• What the task asks: Reproduce nothing beyond the line containing "Продать Монеты Финляндия". From the first line of the data below down to it, copy each line exactly, without the pictures.

• Data block:
^^^^^^^^

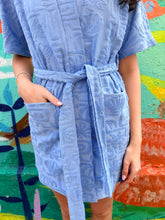 Load image into Gallery viewer, Sky Blue Towelling Kimono Robe - By Frankie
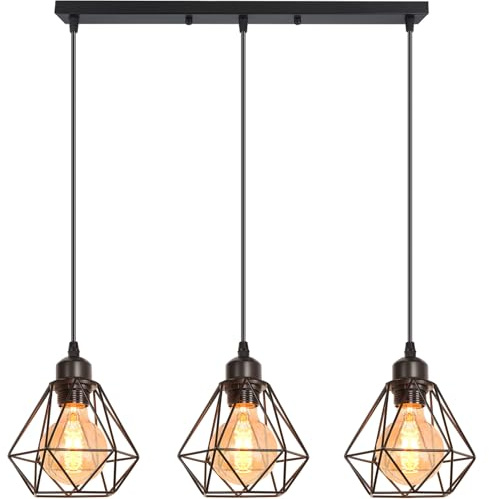 iDEGU 3-flammig Pendelleuchte Schwarz 16cm Industrial Hängelampe aus Metall Käfig Lampenschirm Retro Kronleuchter E27 Fassung Vintage Hängeleuchte für Esszimmer Küche Schlafzimmer Wohnzimmer (Balken)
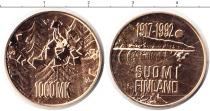 Продать Монеты Финляндия 1000 марок 1992 Золото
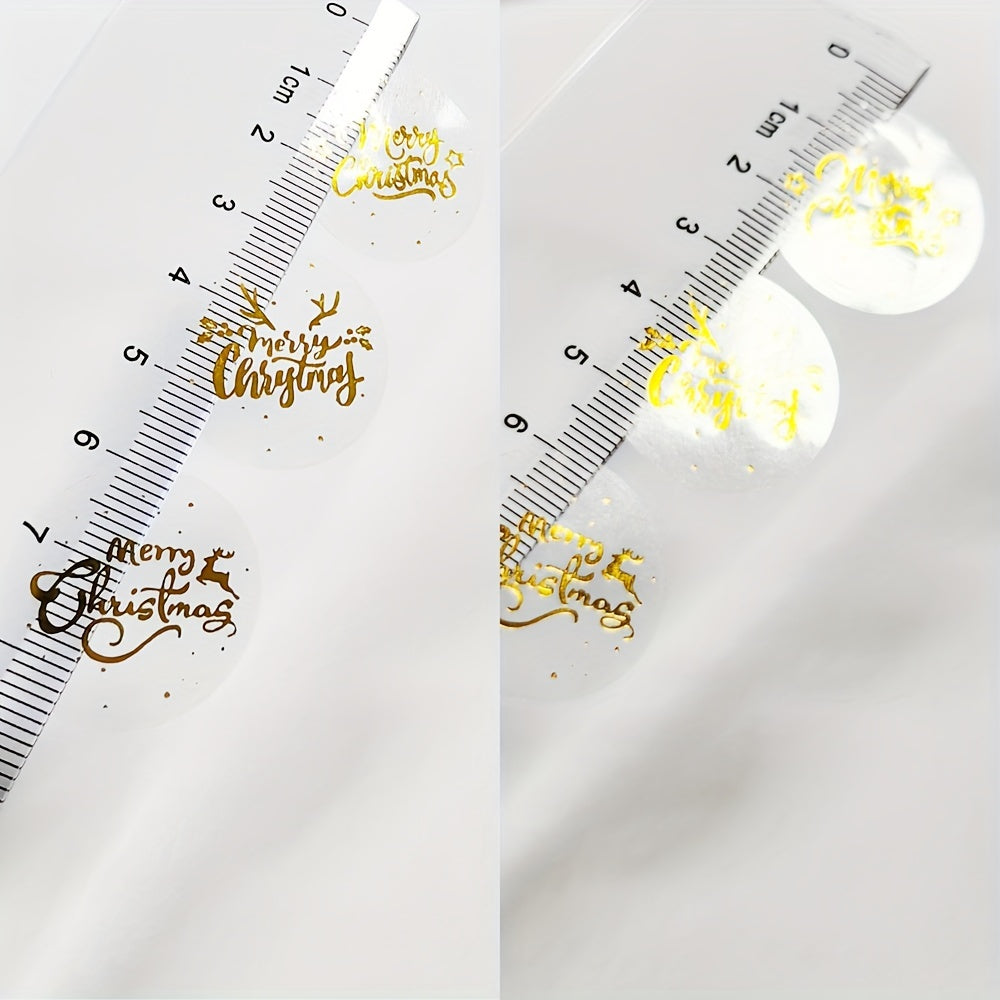 500pcs Small 2 1 Inch Transparent Christmas Sticker Label 3 Designs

^^^^^^^^

• Answer box:
 Load image into Gallery viewer, Sky Blue Towelling Kimono Robe - By Frankie
 iDEGU 3-flammig Pendelleuchte Schwarz 16cm Industrial Hängelampe aus Metall Käfig Lampenschirm Retro Kronleuchter E27 Fassung Vintage Hängeleuchte für Esszimmer Küche Schlafzimmer Wohnzimmer (Balken)
 Продать Монеты Финляндия 1000 марок 1992 Золото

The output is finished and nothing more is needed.